[Start of section]
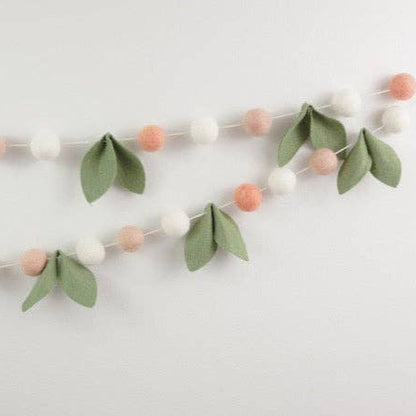 Blush Bloom Felted Wool Pom Pom Garland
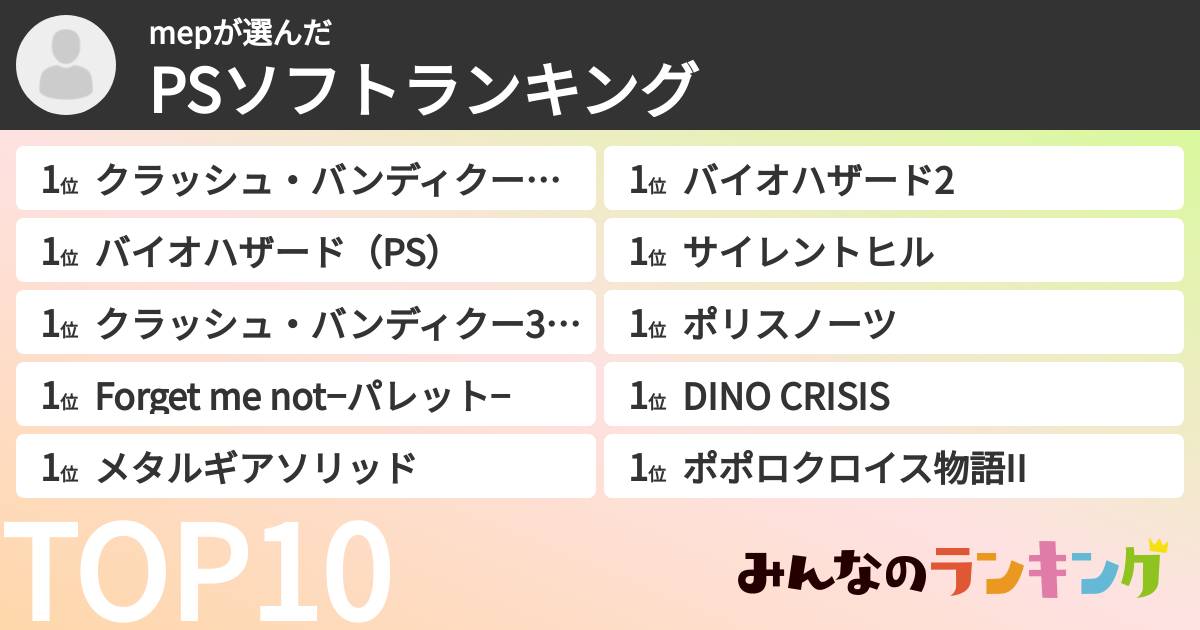 mepさんの「PSソフトランキング」
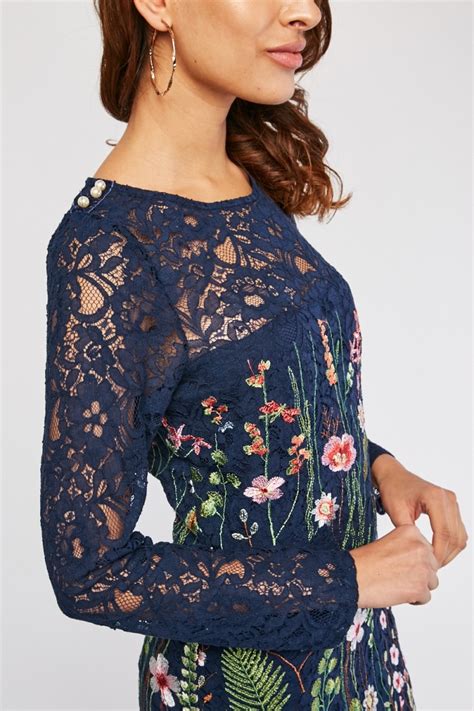 Botanical Flower Embroidered Lace Dress Just 7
[End of section]
**What you will do**
Every line from the one holding "mepさんの「PSソフトランキング」" through the final line of the data above is to be reproduced exactly, both ends included, with the pictures left out.

**The completed task**
 mepさんの「PSソフトランキング」
 Botanical Flower Embroidered Lace Dress Just 7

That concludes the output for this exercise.